BAB I PENDAHULUAN IKTERUS


BAB I
PENDAHULUAN

A.   Latar Belakang
Pelayanan kesehatan neonatal harus dimulai sebelum bayi dilahirkan, melalui pelayanan kesehatan yang diberikan ibu hamil. Berbagai bentuk upaya pencegahan dan penanggulangan dini terhadap faktor-faktor memperlemah kondisi seorang ibu hamil perlu diprioritaskan seperti status gizi, anemia, dekatnya jarak kelahiran dan buruknya hygiene. Selain itu perlu dilakukan pula pembinaan kesehatan prenatal seperti perdarahan, hipertensi, infeksi, kelahiran preterm, asfiksia dan hipotermi (Prawirohadjo, 2006).
Angka kematian bayi di negara-negara ASEAN seperti Singapura 3/1000 per kelahiran hidup, Malaysia 5, 5/1000 per kelahiran hidup, Thailand 17/1000 per kelahiran hidup, Vietnam 18/1000 per kelahiran hidup, dan Philipina 26/1000 per kelahiran hidup. Sedangkan angka kematian bayi di Indonesia cukup tinggi yakni 26,9/2000 per kelahiran hidup (Depkes, 2007).
Di Indonesia, didapatkan data ikterus neonatorum dari beberapa rumah sakit pendidikan. Sebuah studi cross-sectional yang dilakukan di Rumah Sakit Umum Pusat Rujukan Nasional Cipto Mangunkusumo selama tahun 2003, menemukan prevalensi ikterus pada bayi baru lahir sebesar 58% untuk kadar bilirubin di atas 5 mg/dL dan 29,3% dengan kadar bilirubin diatas 12 mg/dL pada minggu pertama kehidupan. RS Dr. Sardjito melaporkan sebanyak 85% bayi cukup bulan sehat mempunyai kadar bilirubin di atas 5 mg/dL dan 23,8% memiliki kadar bilirubin di atas 13 mg/dL. Pemeriksaan dilakukan pada hari 0, 3 dan 5.
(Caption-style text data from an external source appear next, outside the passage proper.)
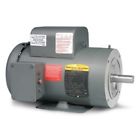 Pcl3519m Baldor Hp Rpm New Electric Motor 781568112434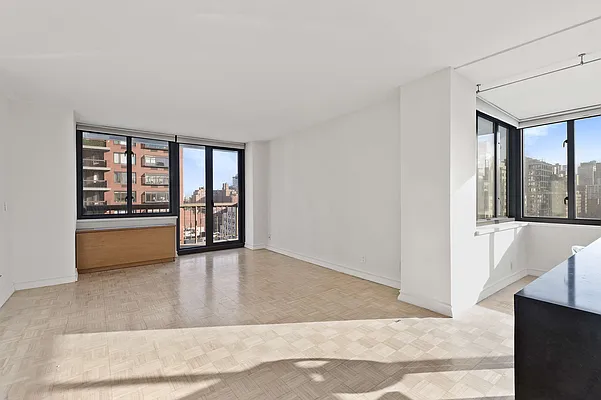 Rented by Compass | media 1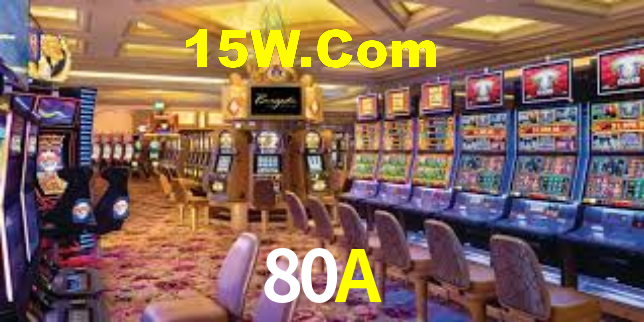 80a.com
Dengan pemeriksaan kadar bilirubin setiap hari, didapatkan ikterus dan hiperbilirubinemia terjadi pada 82% dan 18,6% bayi cukup bulan. Sedangkan pada bayi kurang bulan, dilaporkan ikterus dan hiperbilirubinemia ditemukan pada 95% dan 56% bayi. Tahun 2003 terdapat sebanyak 128 kematian neonatal (8,5%) dari 1509 neonatus yang dirawat dengan 24% kematian terkait hiperbilirubinemia. Data yang agak berbeda didapatkan dari RS Dr. Kariadi Semarang, di mana insidens ikterus pada tahun 2003 hanya sebesar 13,7%, 78% di antaranya merupakan ikterus fisiologis dan sisanya ikterus patologis. Angka kematian terkait hiperbilirubinemia sebesar 13,1%. Didapatkan juga data insidens ikterus pada bayi cukup bulan sebesar 12,0% dan bayi kurang bulan 22,8%. Insidens ikterus neonatorum di RS Dr. Soetomo Surabaya sebesar 30% pada tahun 2000 dan 13% pada tahun 2002. Perbedaan angka yang cukup besar ini mungkin disebabkan oleh cara pengukuran yang berbeda. Di RS Dr. Cipto Mangunkusumo ikterus dinilai berdasarkan kadar  bilirubin serum total > 5 mg/dL, RS Dr. Sardjito menggunakan metode spektrofotometrik  pada hari ke-0, 3 dan 5, dan RS Dr. Kariadi menilai ikterus berdasarkan metode visual.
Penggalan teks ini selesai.